The Mediterranean diet was born here. Southern Italian cuisine is based on seasonal local produce, so don’t expect to find, say, grapes in May or watermelon in November, although the mild climate and fertile soil, linked to modern farming methods, means that most vegetable products have a long growing season.

Traditional cuisine reflects its peasant origins, with hearty homemade pasta, thick bean soups, and grilled meat and fish. The emphasis, though, is on vegetables, with zucchini, eggplant, beans, sweet peppers, and at least a dozen varieties of tomatoes transformed into imaginative dishes. Naturally, the local olive oil is never lacking on the table. Dribbled over soup or a thick chunk of bread, it can transform the plainest dish into a gourmet treat. One defining principle of Italian cooking is to use excellent ingredients in simple preparations. That philosophy reaches its purest expression here.

The best—and cheapest—meals are often found at a family-run trattoria, perhaps with a sign above the door proclaiming, "cucina casareccia" (home cooking). Dishes will be strictly seasonal, so don’t expect an extensive menu, but these humble establishments manage to create flavors rivaling those of any highbrow restaurant. Take your waiter's suggestions and leave yourself in the hands of the chef (who will most likely be his wife or mother).

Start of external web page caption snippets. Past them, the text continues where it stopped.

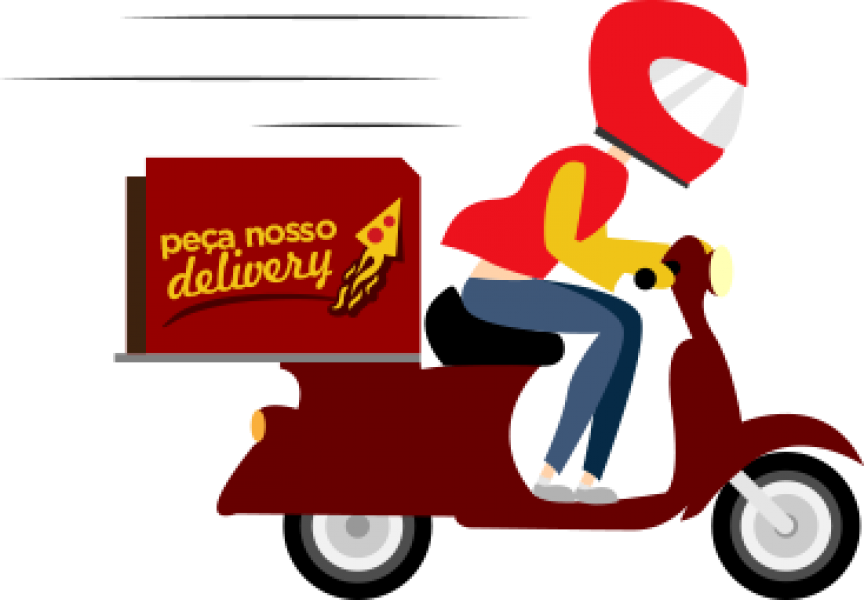 Delivery Pizza Computer Icons Clip Art - Delivery Pizza Png Transparent Png (864x600), Png Download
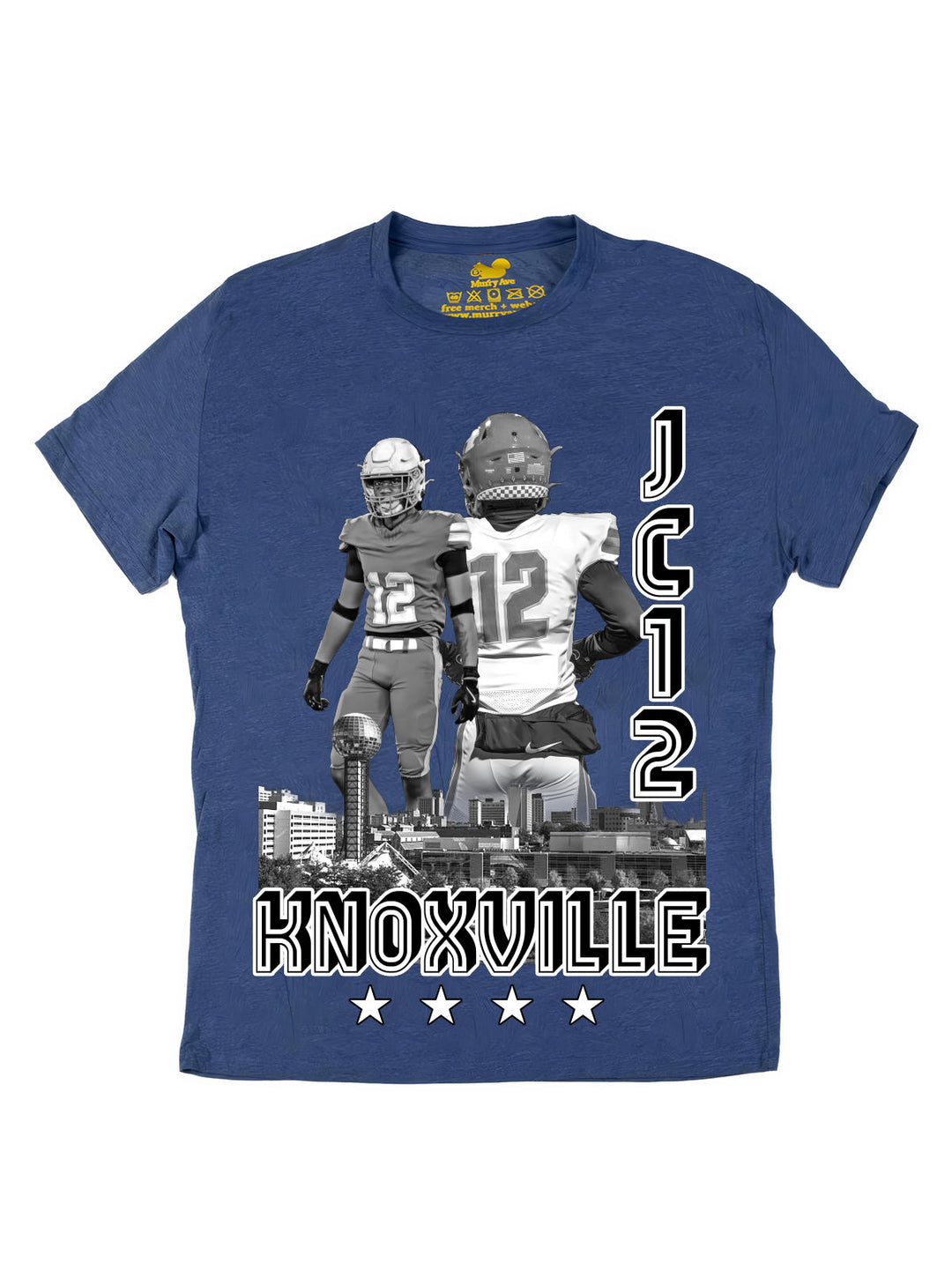 Jarrell Chandler City Oversize Print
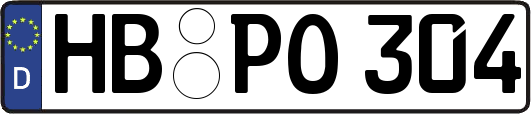 HB-PO304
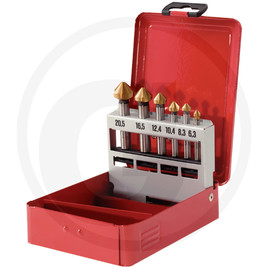 KS Tools HSS TiN countersink and deburring counte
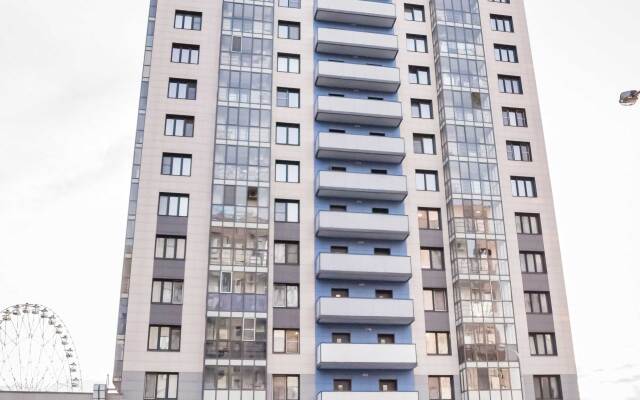 Sweet Home Black Okolo Kazanskoy Rivyery Apartments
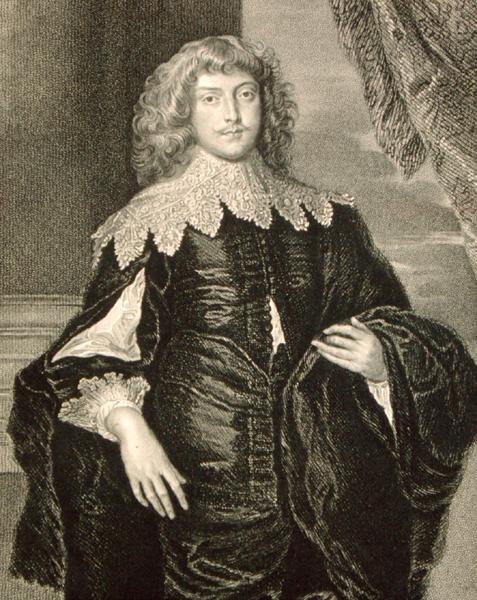 Retrato de George Digby (1612-77), de 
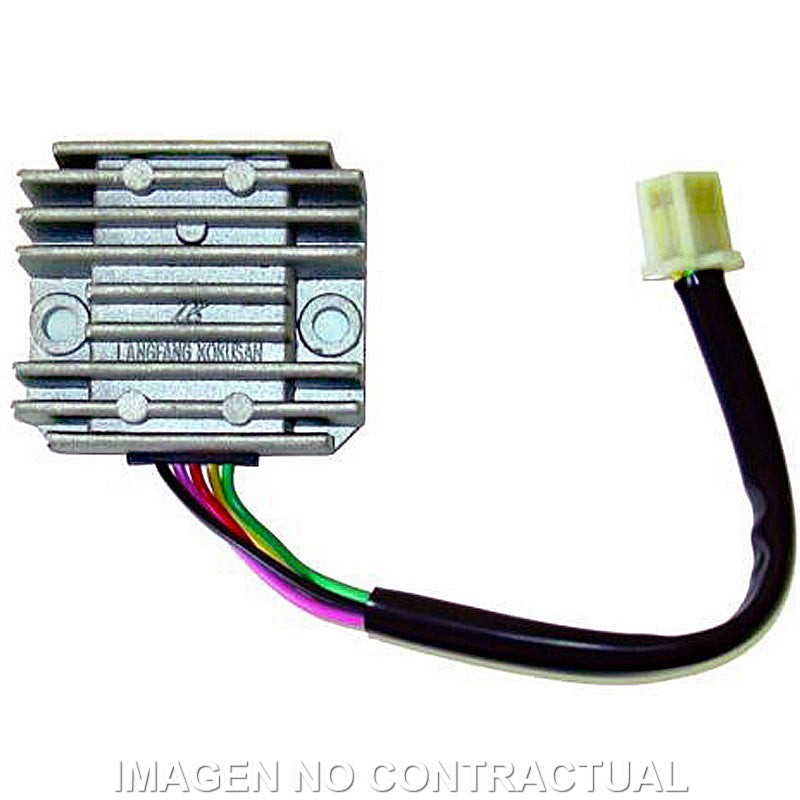 REGULADOR 12V/15A - MONOFASE - CC - 5 CABLES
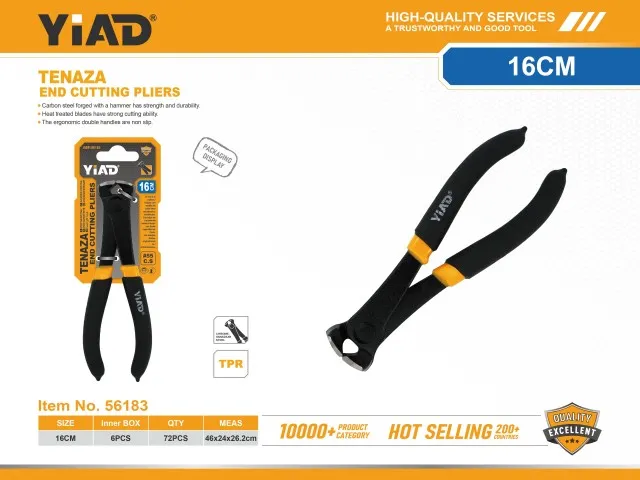 End Cutting Pliers 56183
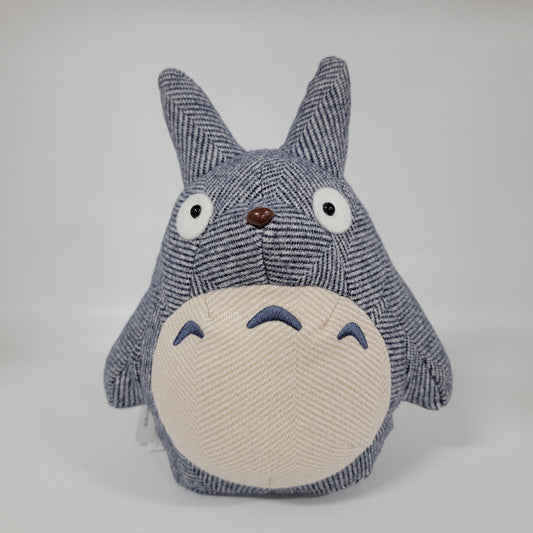 Limited - My Neighbor Totoro – Gray Totoro Plush (Herringbone Fabric)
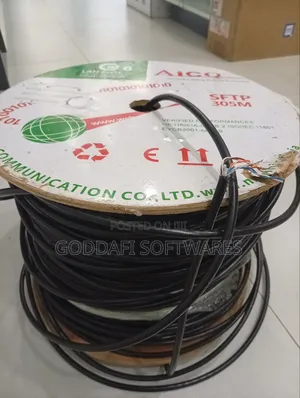 AICO Outdoor CAT6 Network Cable | Goddafi Stores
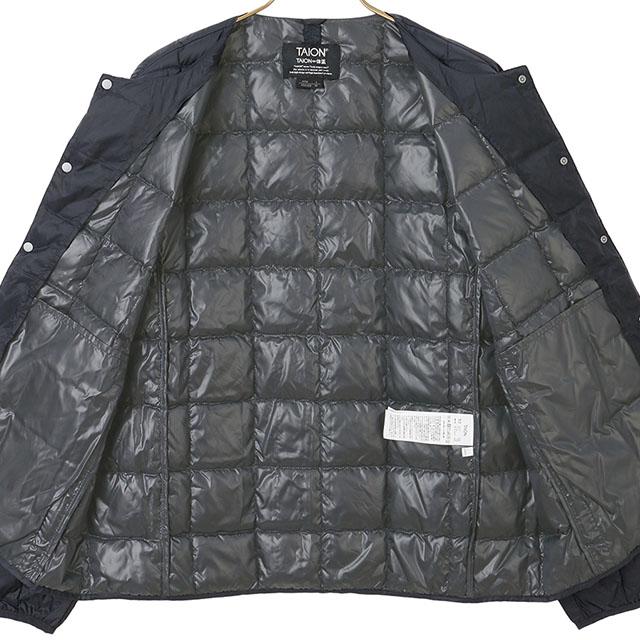 AOYAMA 【洋服の青山】メンズ 中綿 ブルゾン ダウン ジャケット TAION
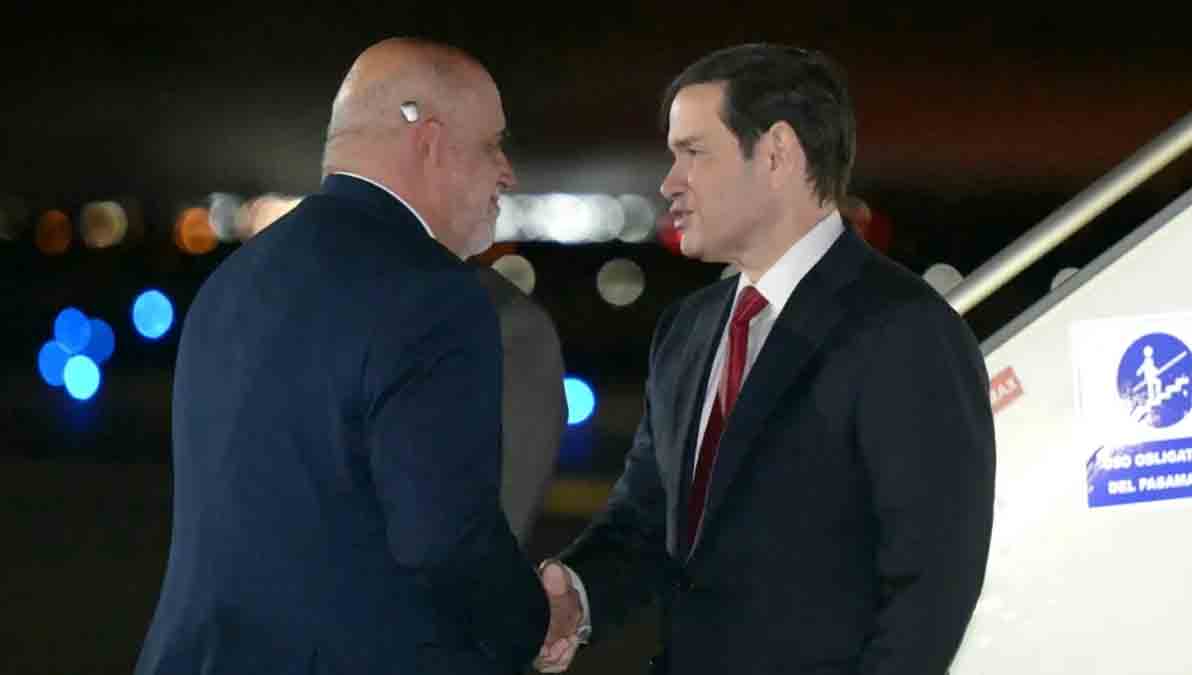 Rubio y Noboa se reúnen en Quito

More upscale establishments turn local ingredients into deliciously inventive dishes. Many such restaurants are set in breathtaking locations, yet prices remain relative bargains compared to similar places farther north.

Fabulous Fava

Puré di fave e cicorielle, a puree of fava beans topped with sautéed chicory, is unique to Puglia and Basilicata. The simple recipe has been prepared here for centuries and continues to be a staple of the local diet. The dried favas are soaked overnight, cooked with potatoes, seasoned with salt and olive oil, and served warm with wild green chicory, often with a sprinkling of ground peperoncino (chili pepper). Mix it together before eating, and wash it down with a glass of primitivo or aglianico.

Meat

In addition to its excellent beef, Basilicata is known for its salsicce lucane (sausages), seasoned with salt, cayenne pepper, and fennel seeds. Enormous grills are a feature of many of the region's restaurants, infusing the dining area with the aroma of freshly cooked meat. Adventurous eaters in Puglia should look for turcinieddhri (a blend of lamb's innards) and pezzetti di cavallo (braised horse meat).

Pasta

Puglia is the home of orecchiette with cime di rapa (broccoli rabe) and olive oil, a melodious dish that's wondrous in its simplicity. Try also cavatelli and strascinati (rectangles of pasta with one rough side and one smooth side).

Peppers

Calabria is known for its use of little hot peppers that can range from a mild sprinkling in tomato sauce to the tongue-scorching 'nduja (spicy pork salami) paste. Local cured meats like soppressata (dried spicy salami), and salsiccia piccante (hot sausage), often sold by street vendors on a roll with peppers, onions, french fries, and mayonnaise, are all spiced with peperoncini.

Seafood

Fish can be grilled (alla griglia), baked (al forno), roasted (arrosto), or steamed (in umido). Among the highlights are delicate orata (sea bream), branzino (sea bass), gamberi rossi (sweet red shrimp), and calamari. Puglia is the home of cozze pelose (hairy-shelled mussel), and Calabria’s version of sushi is freshly caught ricci di mare (sea urchins), considered a delicacy—and an aphrodisiac!

Wines

Puglia produces around 17% of Italy's wine, more than the output of Australia. In the past, most of it was vino sfuso (jug wine), but over the past 15 years, producers have been concentrating on quality—with impressive results. The ancient primitivo grape (an ancestor of California's zinfandel) yields strong, heady wines like Primitivo di Manduria. The negroamaro grape is transformed into palatable rosati (rosés), as well as the robust Salice Salentino. Pair a dessert with the sweet red Aleatico di Puglia or Moscato di Trani.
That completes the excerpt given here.